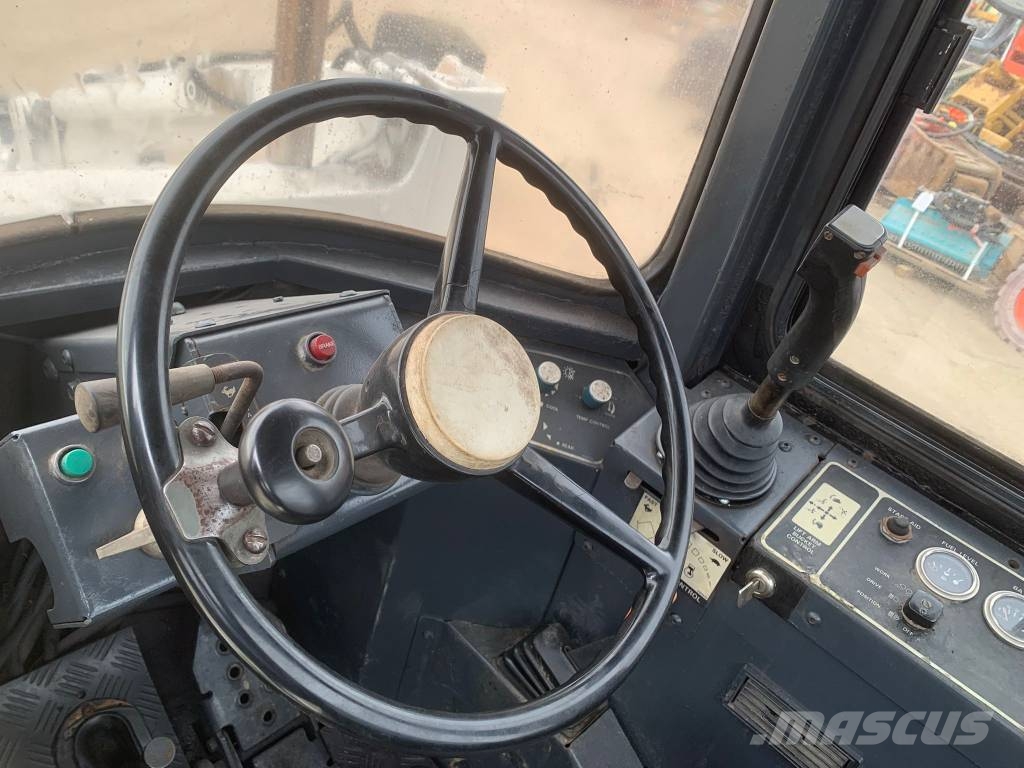 Bobcat 2400 Фронтальні навантажувачі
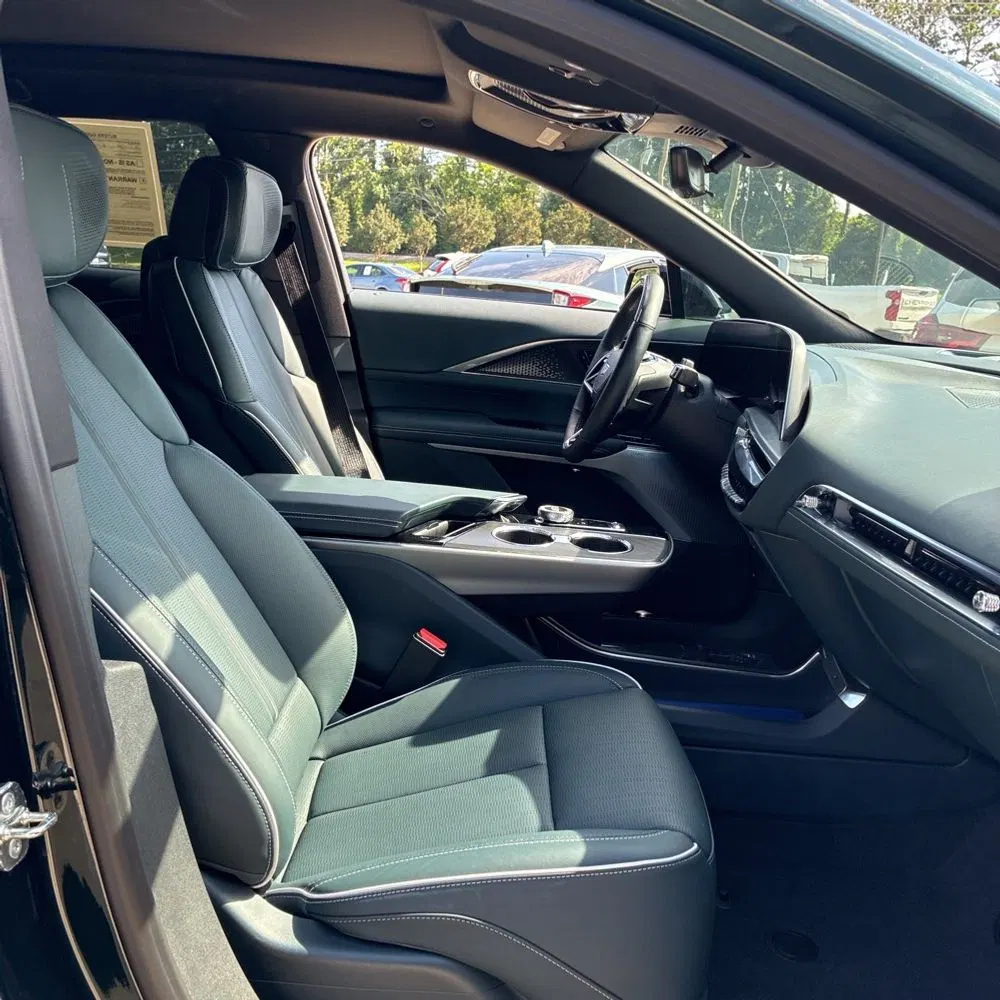2024 Cadillac LYRIQ Sport 3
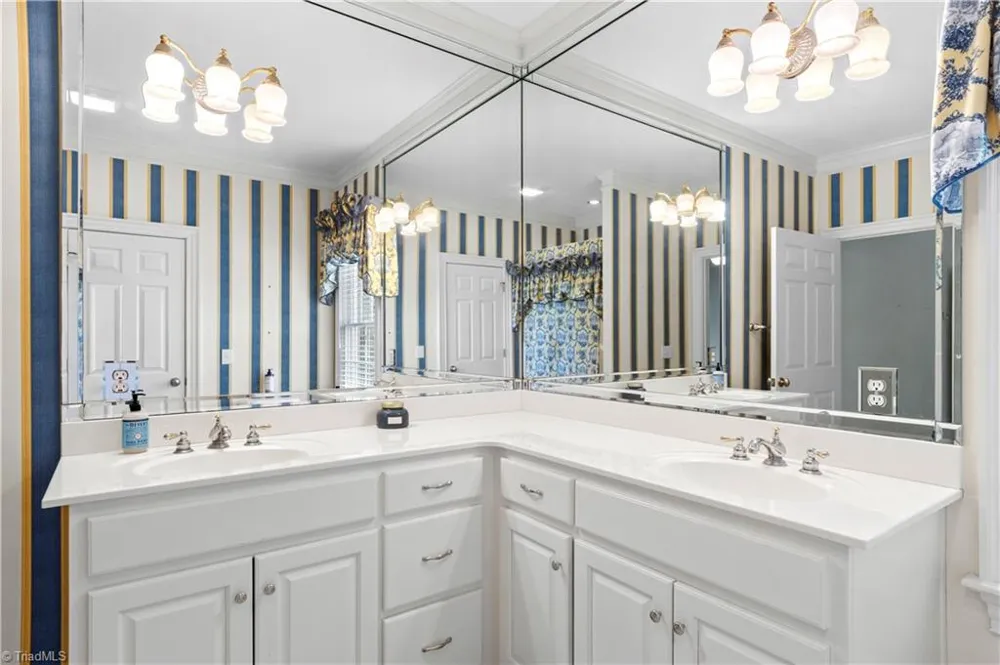 404 Ararat Road Pilot Mountain, NC 27041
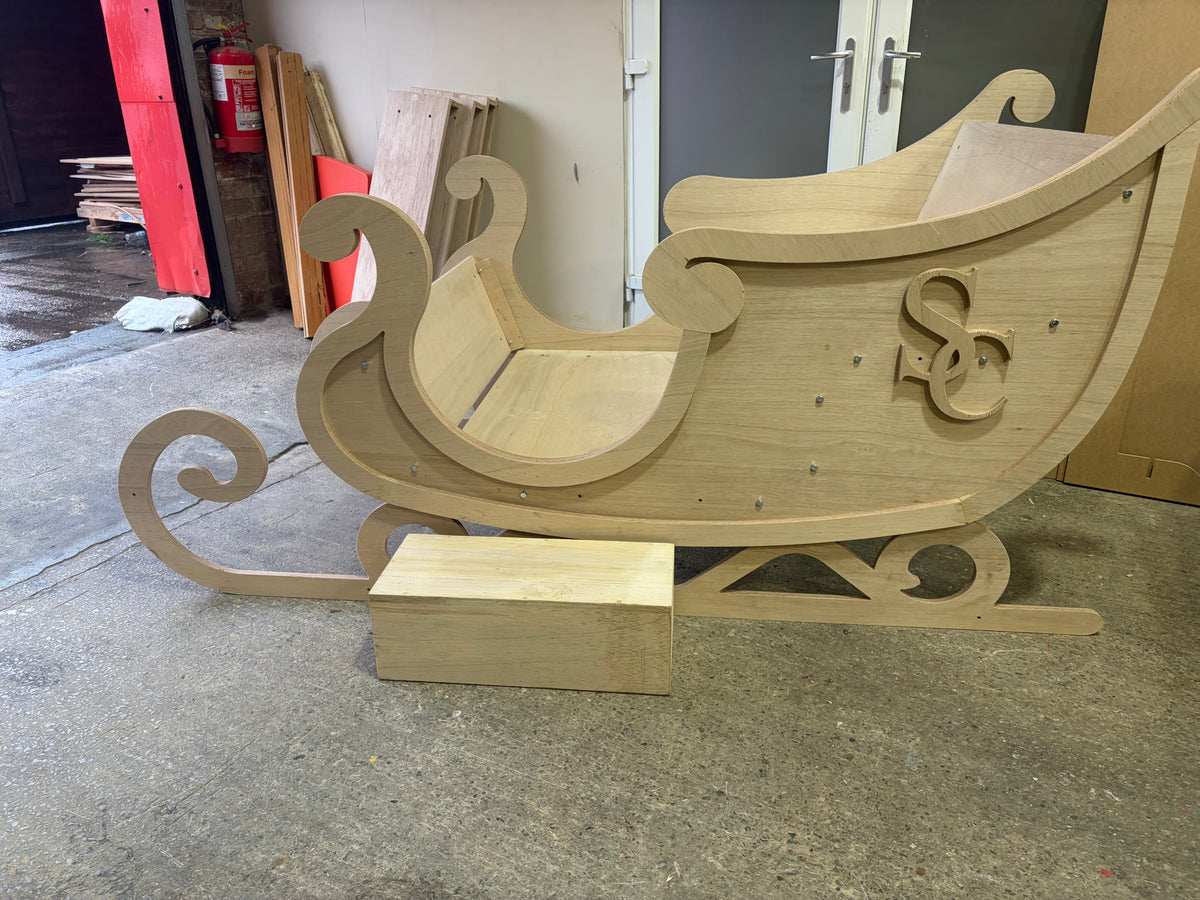 Dashers Santa sleigh indoor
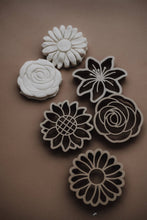 Load image into Gallery viewer, Kinfolk - Mixed Flower Cutter Set - Eco Playdough Tool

○ ○ ○ ○

Repeat each record exactly as shown above, dropping all images.

 Bobcat 2400 Фронтальні навантажувачі
2024 Cadillac LYRIQ Sport 3
 404 Ararat Road Pilot Mountain, NC 27041
 Dashers Santa sleigh indoor
 Load image into Gallery viewer, Kinfolk - Mixed Flower Cutter Set - Eco Playdough Tool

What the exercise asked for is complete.